Avinash Garde, Partner
The Toronto Catholic District School Board retained Snyder Architects to design the replacement St. Conrad Catholic Elementary School. The new elementary school reinvigorates its neighbourhood by reaching out to the community through student-centred design that focuses on sustainability.
Conceived for the net generation, it marries innovation with high design through a bold fusion of resilient every-day building materials re-imagined and forms that echo light and warmth. With streaming daylight and views to the outside, the layout fosters an open, transparent environment within the school that visually integrates it with its site and outdoor playing fields. A bright soaring atrium connects the multi-story academic wing to the shared community spaces; corridors are shorter, with abundant natural light and punctuated with breakout spaces to encourage learning beyond the classroom.
The design sets the environmental standard for elementary schools with in-floor radiant heating systems, displacement ventilation, systems, high performance glazing and lighting, occupancy sensors, external shading devices, ballasted roofs for urban heat island reduction and drought tolerant landscaping.
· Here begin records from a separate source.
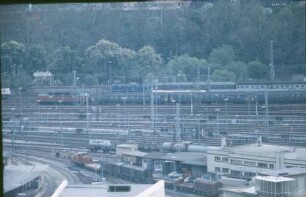 Stuttgart Hbf. Lok Baureihe 221 DC 481 Stuttgart-Zürich Gleisvorfeld Zollamt Rangierbetrieb Lok Baureihe 261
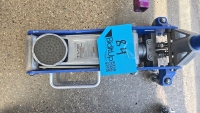 Power Torque 1.5 Ton Floor Jack - 3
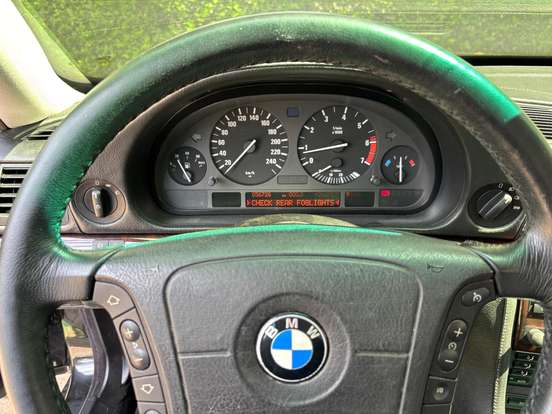 BMW-750i-5.4 HIGHLINE V12 24V GASOLINA 4P AUTOMÁTICO BMW-750i-1998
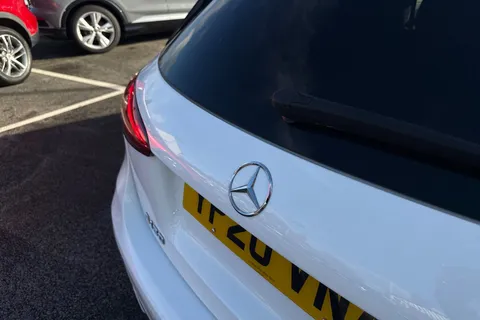 YP20VNA Mercedes-Benz A Class 1.3 A180 AMG Line (Executive) 7G-DCT Euro 6 (s/s) 5dr Thumbnail #42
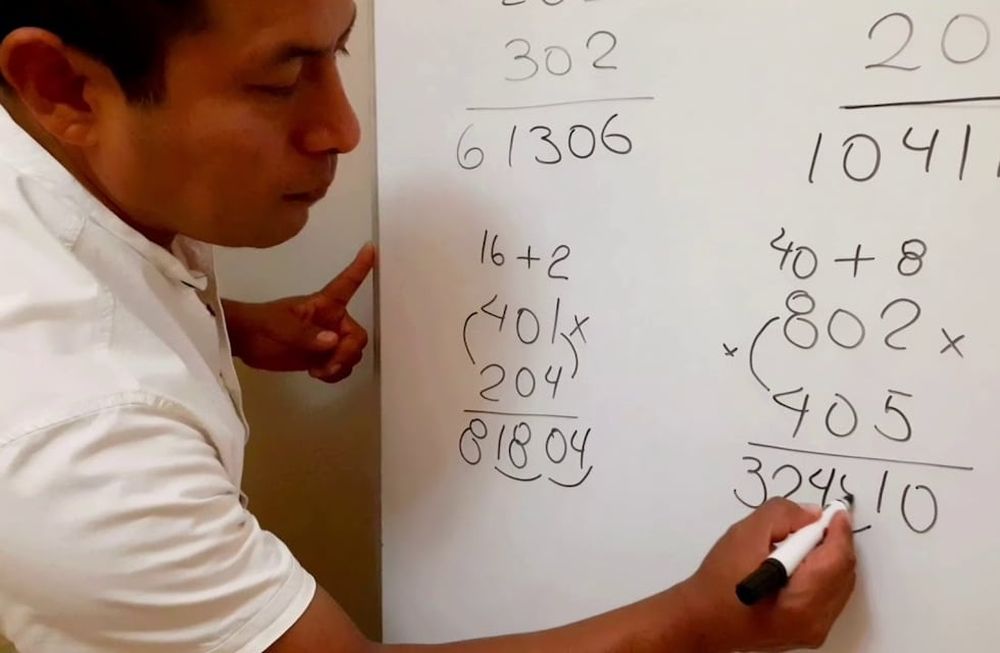 Genio de TikTok: un pastelero pasó a ser profesor de matemática y la rompe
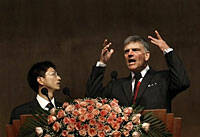Franklin Graham predica a 12.000 personas en China antes del terremoto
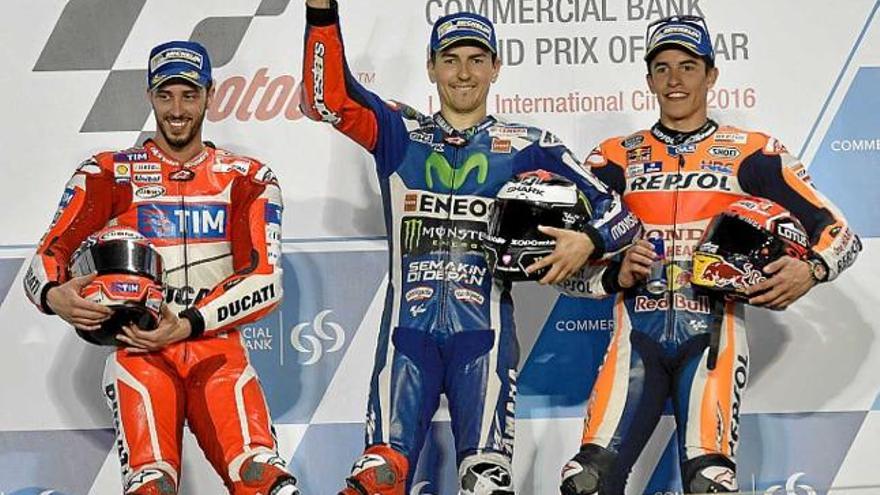 Lorenzo, al centre del podi amb Dovizioso (esquerra) i Márquez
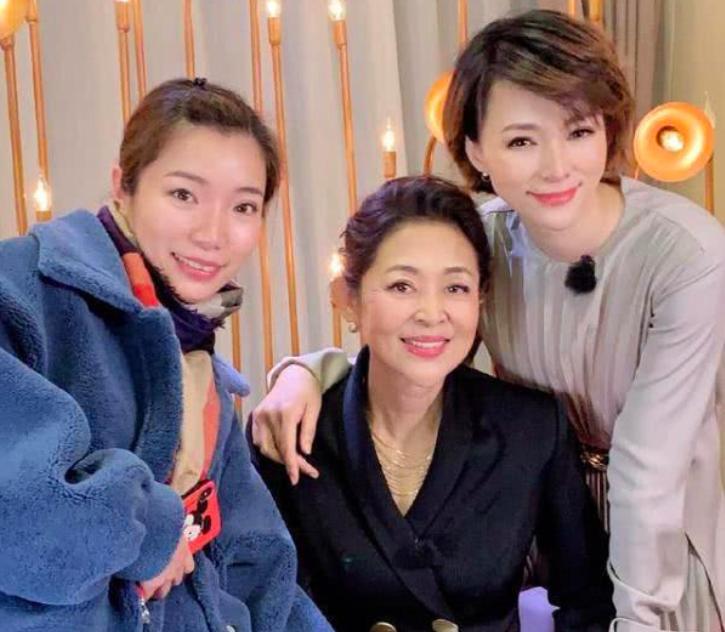 倪萍减肥最简单方法,倪萍减肥最简单的方法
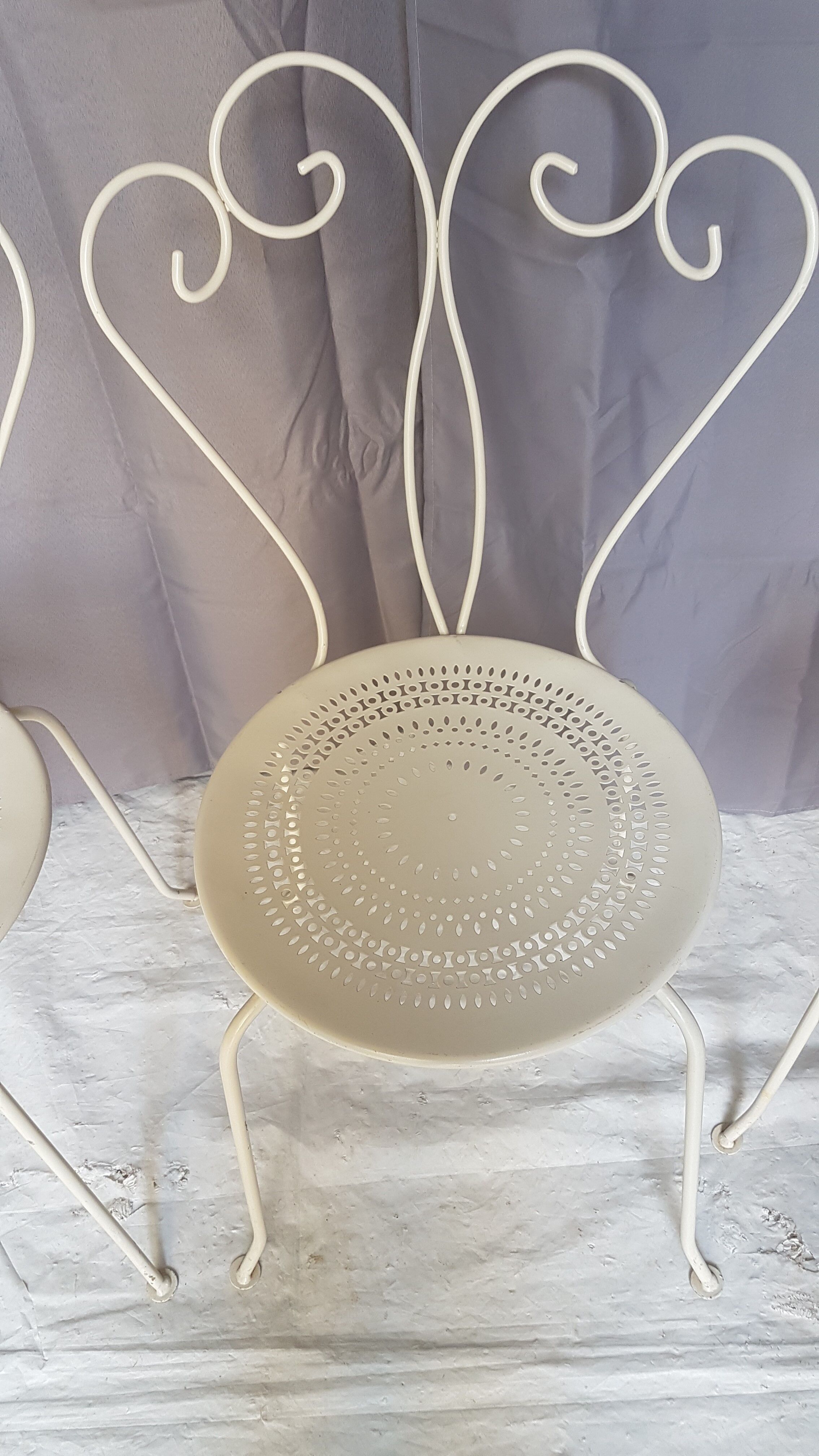 Lot of 6 metal garden seats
A cutting edge design, St. Conrad CES was one of the first schools affected by the then newly introduced Toronto Green Design Standards; it entailed a comprehensive public consultation process and it was successfully built on a brownfield site in Toronto. In-floor radiant heating and displacement ventilation system played a key role in meeting the sustainability goals.
This replacement school was funded under the prohibitive to repair funding model and had to be built while the existing school was also operating on the same site. The construction was phased so that the new building was built on the existing play area while the existing building continued to operate. When the new building was complete, the school moved into the new structure, the existing school was demolished and the space converted into the new play ground.
This was one of the first new public projects in the community for a long time and it was consciously designed to kickstart its regeneration. The design was was publicly nominated for the 2013 PUG Award which attest to its success in meeting this objective.